Excerpts from a dataset:
▬▬▬▬▬▬
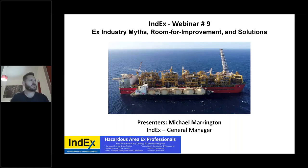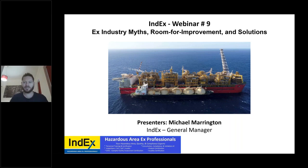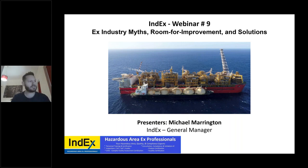Welcome everybody to INDEX Online Webinar number nine: EX Industry Myths, Room for Improvement and Solutions. We really do appreciate all of you attending. I'm going to turn off the webcam now so you can concentrate directly on the presentation.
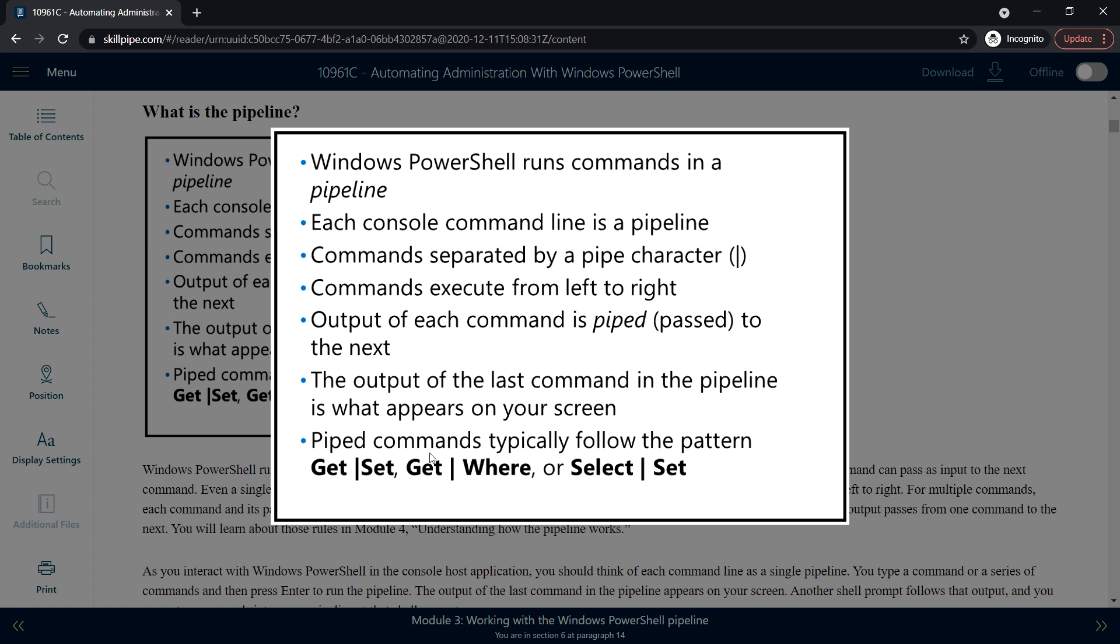The pipe command typically follows a pattern like Get-pipe-Set, similarly Get-pipe-Where or Select-Set. For example, we can use Get to get the VM name and we can use Set to change the hostname of that particular VM.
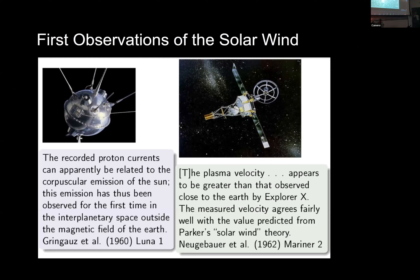If we want to measure these plasmas, we don't need to go to the sun's surface — they naturally fill the entire solar wind, and we can send spacecraft out there to make those measurements. The first measurements of the solar wind were made in the early 1960s — both by the Soviets with their Luna spacecraft and by the United States with Mariner 2. That measurement was made by Marcia Neugebauer at JPL, now here in Tucson as an affiliate at LPL. She was one of the first people to actually measure this solar wind.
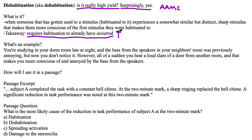Here's an example: you're studying in your dorm room, and the bass from your neighbor's speakers was previously annoying, but now you don't notice it. However, all of a sudden you hear a loud slam of a door from another room, and that makes you more conscious of and annoyed by the bass. Dishabituation is bad for studying, but it may be good for evolution — the presence of a new stimulus might mean the original stimulus is more important than we thought, and that we shouldn't become too habituated to it.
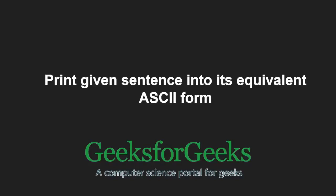Hello friends and welcome to another tutorial on GeeksforGeeks. In this video, we are going to understand the program which prints a given sentence into its equivalent ASCII form.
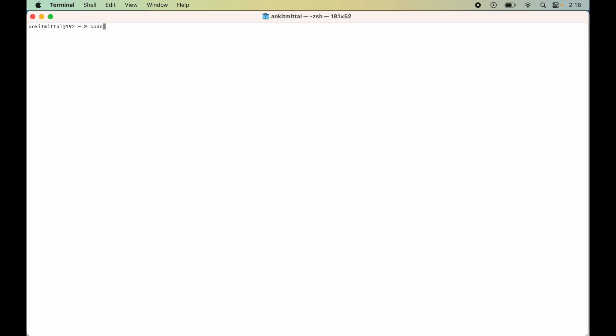If I type code in the terminal and hit enter, I am getting an error saying command not found code. To solve this problem, we need to open up VS Code.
▬▬▬▬▬▬
WORK REQUEST:
The reply should hold only the lines running from the top of the records to the line containing "The pipe command", both included, copied exactly with no pictures.

ANSWER FOR THIS EXERCISE:
Welcome everybody to INDEX Online Webinar number nine: EX Industry Myths, Room for Improvement and Solutions. We really do appreciate all of you attending. I'm going to turn off the webcam now so you can concentrate directly on the presentation.
The pipe command typically follows a pattern like Get-pipe-Set, similarly Get-pipe-Where or Select-Set. For example, we can use Get to get the VM name and we can use Set to change the hostname of that particular VM.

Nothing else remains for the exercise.